Talk about shifting sands, but the English seaside resort, famed for its Eiffelesque tower, its seafront entertainment, and, well, its beach has opened its latest must-have attraction for resort junkies – a brand new, er... beach.
Surely Blackpool already has a beach? Well, yes, but the apparatchiks heading up the urban regeneration company ReBlackpool, one of a plethora of quangos tasked with spending money ‘revitalising’ and ‘regenerating’ Britain’s towns and cities, clearly thought that nature’s sandy offering just wasn’t good enough.
The problem was tides. That dastardly natural phenomenon meant that Blackpool beach was inundated by the sea twice – twice! – a day. Something had to be done. Now, ReBlackpool must have done its homework, or at least heard about old King Canute, so they didn’t try that little number. If the sea can’t be kept at bay, then let’s take the beach from the sea.
So, the organisation spent £45,000 to create an artificial beach, 180 metres long, on St Chads headland. They shifted 5,000 tonnes of local sand from nature’s beach to the man-made imitation, so the existing sand can’t have been that bad.
Here’s how the organisation’s chief executive, Doug Garrett, enthused about the cloned beach: “This new beach will offer a unique opportunity to residents and visitors to enjoy the thrills and spills of beach volleyball, football and basketball regardless of whether the tide is in or out. We lose the beach twice every day because of the tides – but this beach on the prom will put an end to that and allow people to play sports or relax in the sand as and when they want to.”

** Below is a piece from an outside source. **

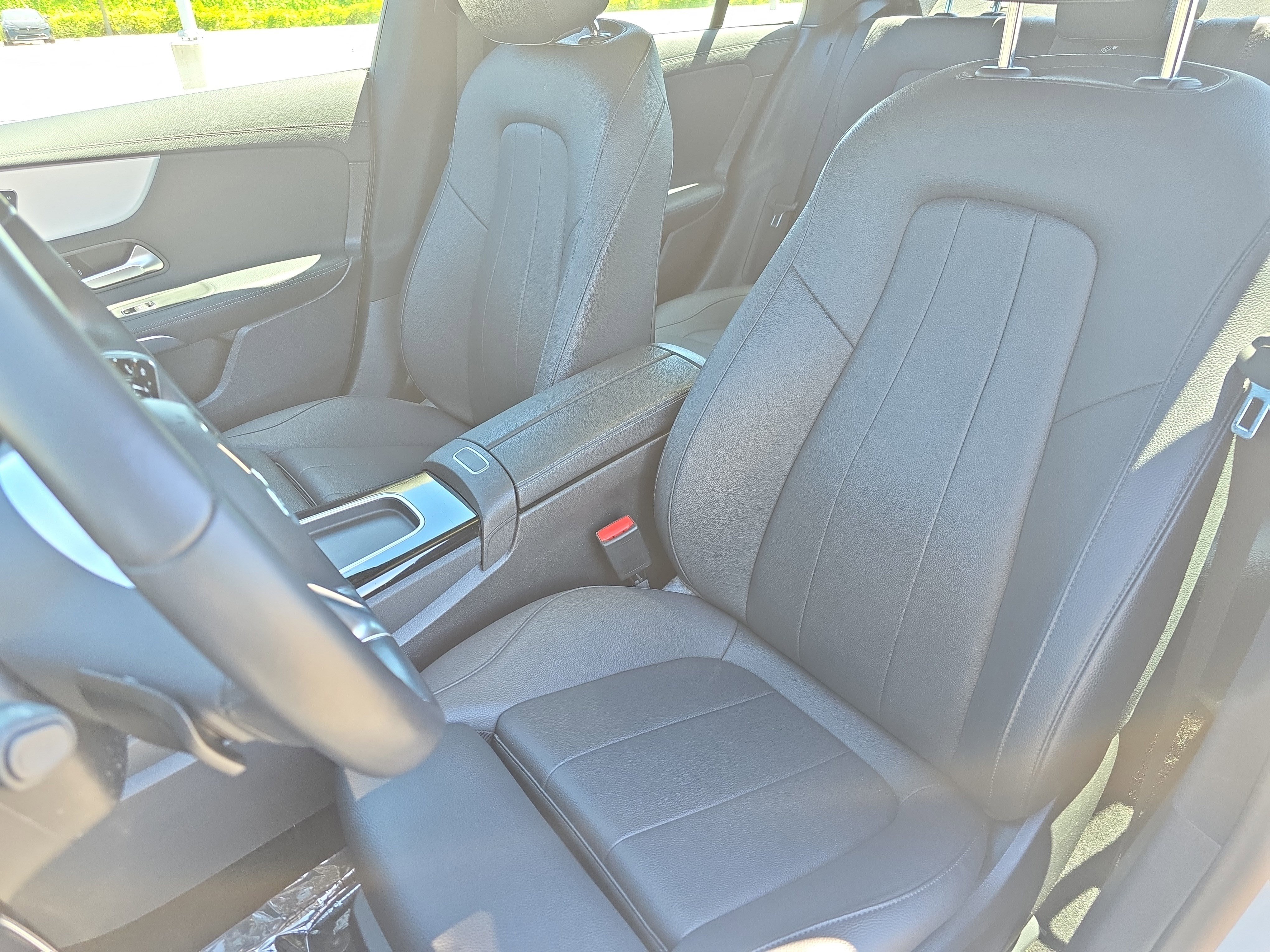 Used 2025 Mercedes-Benz CLA 250 4MATIC image 14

Hurrah for human ingenuity, then, not to mention the largesse of quangocrats with a blank government chequebook to underwrite another meaningless gimmick – what would poor old Joe Public do without them!

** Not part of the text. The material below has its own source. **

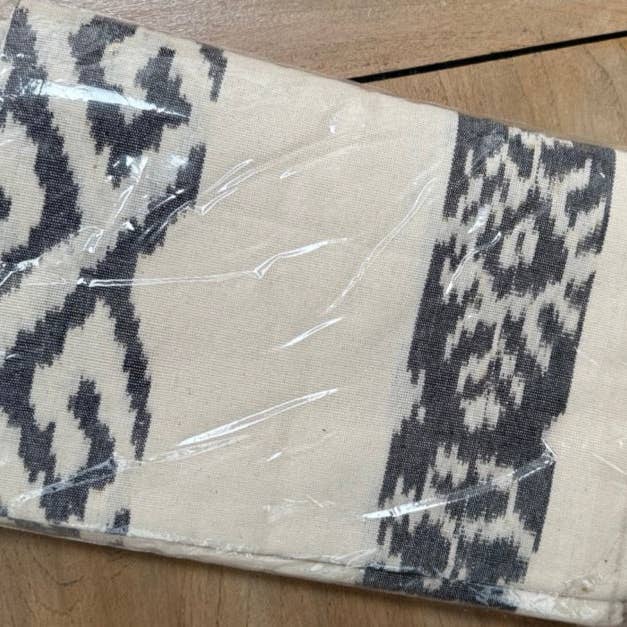 Kasih Co-op - Vendita all'ingrosso Plaid - Coperta Ikat, bianca e grigia tessuta a mano in Indonesia5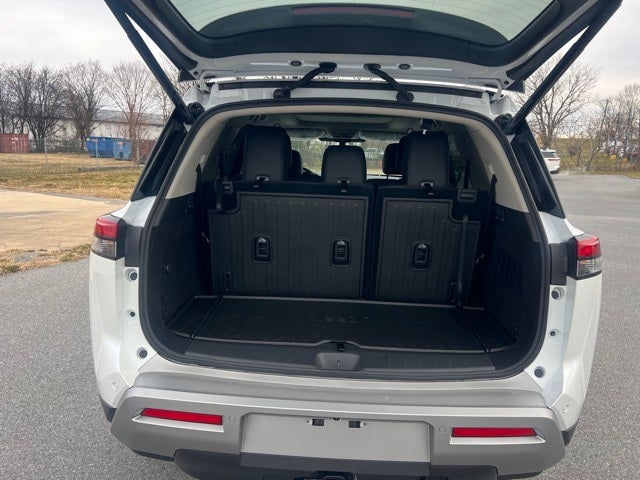 2025 Nissan Pathfinder Platinum BLACK APPEARANCE, CARGO PACKAGE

So much for PR-newspeak, but surely one of the essentials of the beach resort experience are the tides? In any case, wouldn’t the money have been better spent on boosting the attractions and entertainment on the seafront; the traditional way of enjoying a resort while the tide is in? Perhaps such a question reveals just why this grizzled old hack isn’t a regeneration apparatchik with a small fortune to spend.
Still, at least the local feline population will be pleased with the new toilet facilities, then again perhaps not. The bill for the beach includes two machines intended to clean the sand on a daily basis. ReBlackpool has clearly thought of everything.
The Europe Minister was perhaps considered more likely to maintain her footing than her husband as she cut the ribbon.
Blackpool’s beach mk II is billed as a 24-hour-a-day attraction, and will be kept open for six weeks. The beach will be dismantled on the 17 August to make way for the beach volleyball CEV European Championship Tour and the English Masters tournament, which is being held on the promenade from 10-13 September.
When the sandy beach finally shuffles away, however, it might only be a temporary absence; the regeneration company says it will be assessing the beach to test the feasibility of rebuilding it on a permanent basis in the future. So, there is more to beach mkII than “fun, games and relaxation” – but also a serious measure to study the effects of “wind and traffic movements on the sand”. ReBlackpool also want to study how “the public interact with and use the beach”. So, they’re building sandcastles, then?
Quite why they couldn’t use nature’s offering to study how people “interact” with the sand is another matter. Oh yes, blast – those damnable tides might wash the clipboards away. Life is such a beach.